Entrevista
Igreja: entre o luxo e as catacumbas
Coryntho Baldez
A renúncia do Papa Bento XVI, em 28 de fevereiro, surpreendeu o mundo e expôs a secreta disputa pelo poder no Vaticano. Não foi menor o espanto com a escolha, para sucedê-lo, de um não europeu, o argentino Jorge Mario Bergoglio, 76 anos, arcebispo de Buenos Aires.
“Bento XVI não renunciou porque estava velho e cansado. Uma das hipóteses é que ele pretendia reformar a Cúria Romana, e não conseguiu”, afirma o sociólogo e ex-dominicano Ivo Lebauspin, professor aposentado da Escola de Serviço Social (EES) da UFRJ.
Nesta entrevista ao UFRJ Plural, ele revela que havia um sentimento no conclave que elegeu o novo Papa de que a Igreja – atingida por denúncias de corrupção no Banco do Vaticano e sucessivos casos de pedofilia – precisava mudar. E os cardeais que escolheram Bergoglio acreditam que um Papa da América Latina e crítico da suntuosidade do Vaticano possa comandar uma possível reforma da Cúria Romana.
Por seu perfil conservador, nada indica que Jorge Bergoglio enfrentará temas espinhosos para a Igreja, como a milenar discriminação da mulher e o uso de preservativos nas relações sexuais. Mas a sua opção por uma “Igreja pobre”, a escolha do nome Francisco e o respeito que manifestou às conferências episcopais – desprezadas pelo antecessor – são sinais de renovação animadores, avalia Lebauspin, que também é pesquisador do Iser Assessoria, Organização Não Governamental (ONG) que promove pesquisas e atividades de formação para comunidades eclesiais de base, entre outros movimentos sociais.
UFRJ Plural – Que forças internas da Igreja são essas que, depois de 600 anos, levaram à renúncia de outro Papa?
Ivo Lebauspin – A renúncia de Bento XVI foi uma surpresa geral. Primeiro, porque não é comum. E este era um papa conservador, que foi presidente da Congregação para a Doutrina da Fé em praticamente todo o período do pontificado de João Paulo II, de 1981 a 2005. A partir de então, tornou-se papa, dando continuidade ao que já fazia.
UFRJ Plural – E o que estaria por trás da renúncia de Bento XVI?
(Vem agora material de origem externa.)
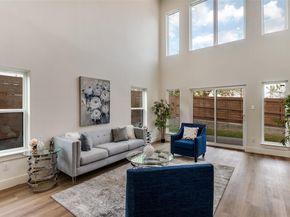 1409  Doyle Avenue , Dallas Texas 75203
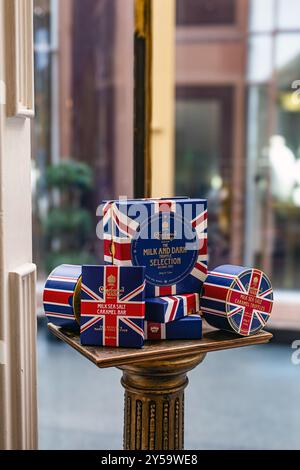 Scatole di cioccolato Charbonnel et Walker in esposizione Old Bond Street Store , Londra Regno Unito Foto Stock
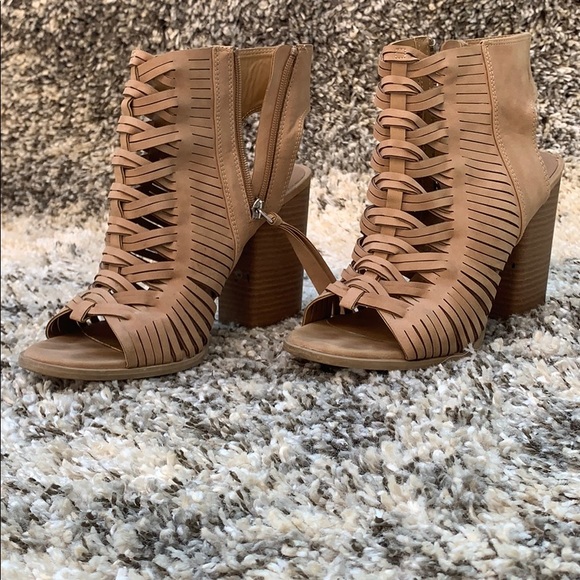 20% off 2+ bundle: DV Chunky Booties - Picture 5 of 6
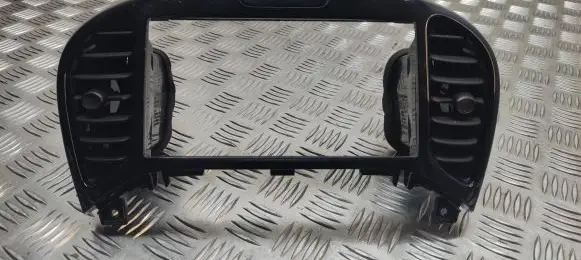 Nissan Juke I F15 Dash center air vent grill 68260BX60A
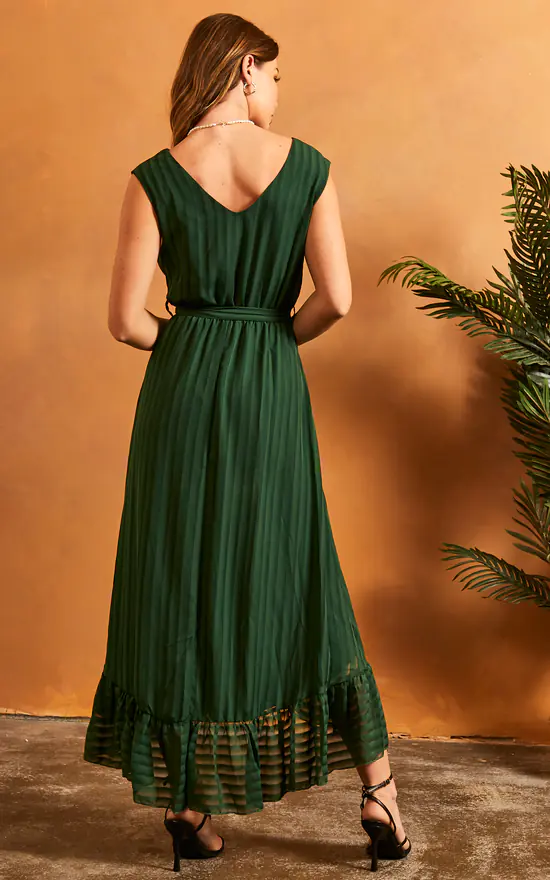 Sleeveless Plunge Maxi Dress In Forest Green - Image 4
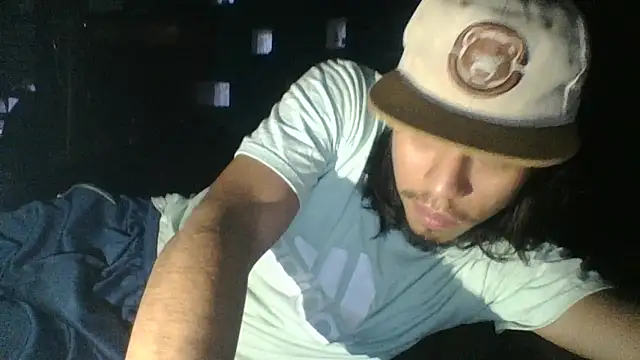 AlexAlejandro13 webcam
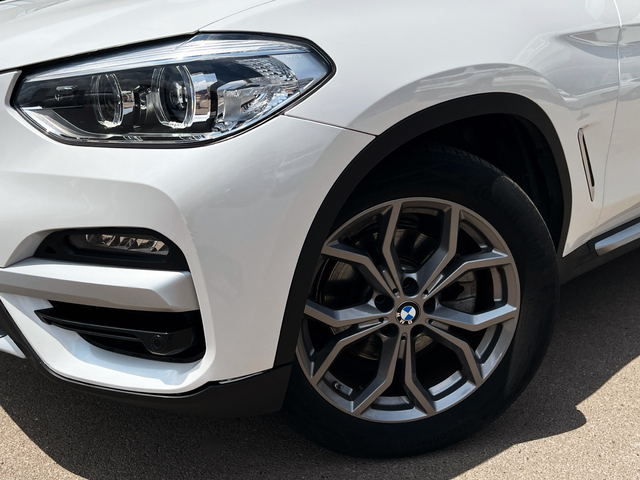 BMW X3 xDrive20d color Blanco. Año 2021. 140KW(190CV). Diésel. En concesionario CARTAGENA PREMIUM S.L. de Murcia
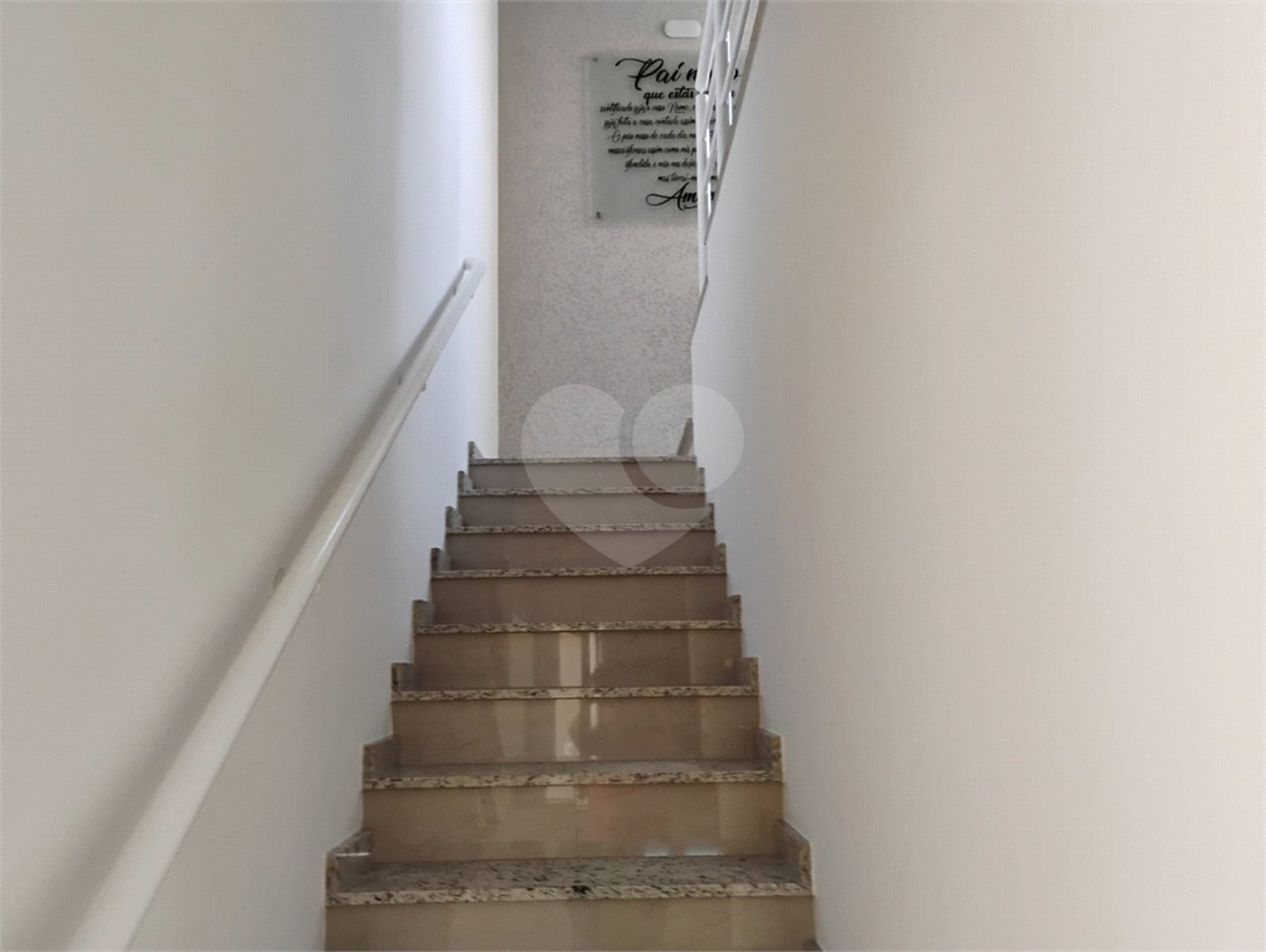 Sobrado à venda com 4 quartos, sendo 3 suítes,  em Jardim Marabá, Itapetininga, SP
Ivo Lebauspin – O Papa não renunciou porque está velho e cansado. Tem algo mais. E uma das hipóteses é que ele pretendeu reformar a Cúria Romana, o conjunto de ministérios da Igreja mundial, e não conseguiu. Segundo estudiosos, a Cúria domina o Vaticano há mais de mil anos. João XXIII foi uma exceção, passando por cima da Cúria com o Concílio Vaticano II. O Papa Paulo VI também se deixou controlar inteiramente, mas a Cúria tem um poder muito grande, típico das grandes burocracias.
UFRJ Plural – Mas Bento XVI pretendeu, de fato, fazer uma reforma da Cúria?
Ivo Lebauspin – O que consta é que ele teria tentado, entrando em conflito com o secretário de Estado do Vaticano, Tarcisio Bertone. Em situação normal, o Papa o destituiria e colocaria outro no lugar. Mas, por alguma razão, não conseguiu tomar essa medida.
UFRJ Plural – As denúncias envolvendo casos de pedofilia e corrupção no banco do Vaticano podem ter relação com isso?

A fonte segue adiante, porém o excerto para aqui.